According to the researchers, people with asthma may have lower levels of enzymes and antioxidant molecules that normally neutralize free radicals before they cause harm.

Why Current Asthma Drugs May Miss the Target

Both leukotrienes and pseudo leukotrienes trigger inflammation by binding to the same receptor, much like a key turning an ignition to start an engine. Once activated, this process leads to airway constriction in people with asthma.

Medications such as Singulair work by blocking that receptor, preventing the key from fitting and stopping the reaction from starting.

"The real importance of this discovery is the possibility of treating these diseases with drugs that prevent the free radical process or moderate it rather than drugs that block the receptor," Salomon said.

This approach could allow treatments to target harmful inflammation more precisely.

When Inflammation Helps and When It Hurts

Inflammation is not always harmful. It plays a vital role in healing by directing white blood cells to injured tissue. It is also involved in memory and normal development.

Some asthma drugs are currently being used off-label to treat neurological diseases. However, blocking leukotrienes may interfere with their beneficial roles in the body.

"If the molecules that are causing the problem are not the leukotrienes but these other molecules," Salomon said, "a better treatment would be to just stop the formation of these other molecules rather than gumming up the ignition."

Testing the Theory in Patients

To investigate their hypothesis, Salomon and his colleagues relied on decades of experience studying lipid oxidation, along with chemical insight, to predict that pseudo leukotrienes existed. They synthesized the molecules in the lab and developed techniques to detect them in biological samples.

The team analyzed urine samples from people with mild or severe asthma and compared them with samples from individuals without the disease.

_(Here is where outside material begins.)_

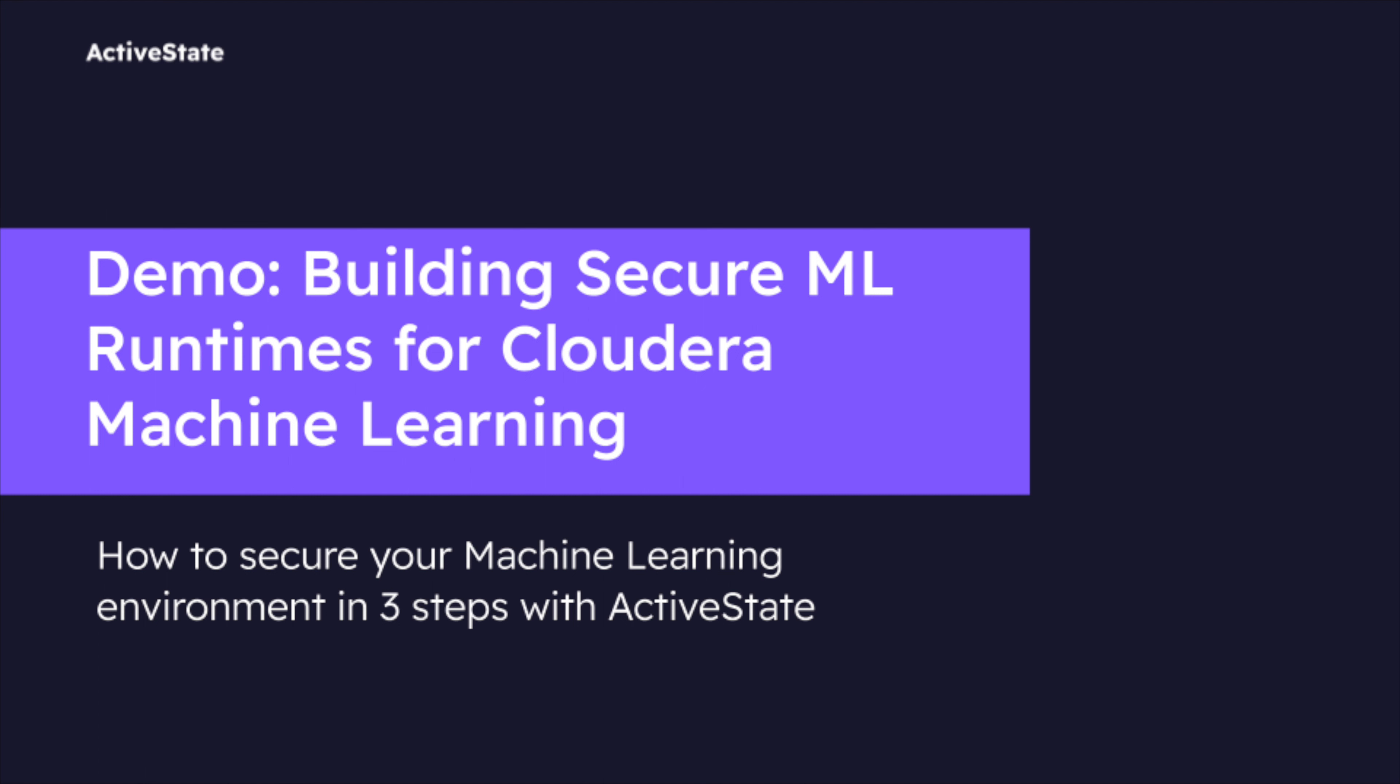ActiveState and Cloudera are partnering to bring ActiveState-built ML runtimes to Cloudera Machine Learning. Now, it's easier than ever to securely extend your Cloudera Machine Learning environment with the latest ML tools and frameworks from the open source community. Let's learn how.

Pseudo leukotrienes were not only present in asthma patients, but their levels closely matched disease severity. People with asthma, whether mild or severe, had four to five times higher levels than those without asthma. Researchers suggest these molecules could serve as a biomarker to measure disease severity and track how well treatments are working.

What Comes Next

The research team plans to examine whether pseudo leukotrienes also play a role in other respiratory illnesses. These include respiratory syncytial virus (commonly known as RSV), bronchiolitis in babies, and chronic obstructive pulmonary disease.

The study involved collaborators from multiple institutions. At Case Western Reserve University, the team included Mikhail Linetsky, research professor in chemistry, Masaru Miyagi, professor of pharmacology at the School of Medicine, and graduate students. Contributors from the University of Toledo included Sailaja Paruchuri, professor of physiology and pharmacology, and Lakshminarayan Teegala, assistant professor of physiology and pharmacology. At the Cleveland Clinic Children's Hospital, Fariba Rezaee participated as associate professor of pediatrics and staff physician in the Center for Pulmonary Medicine.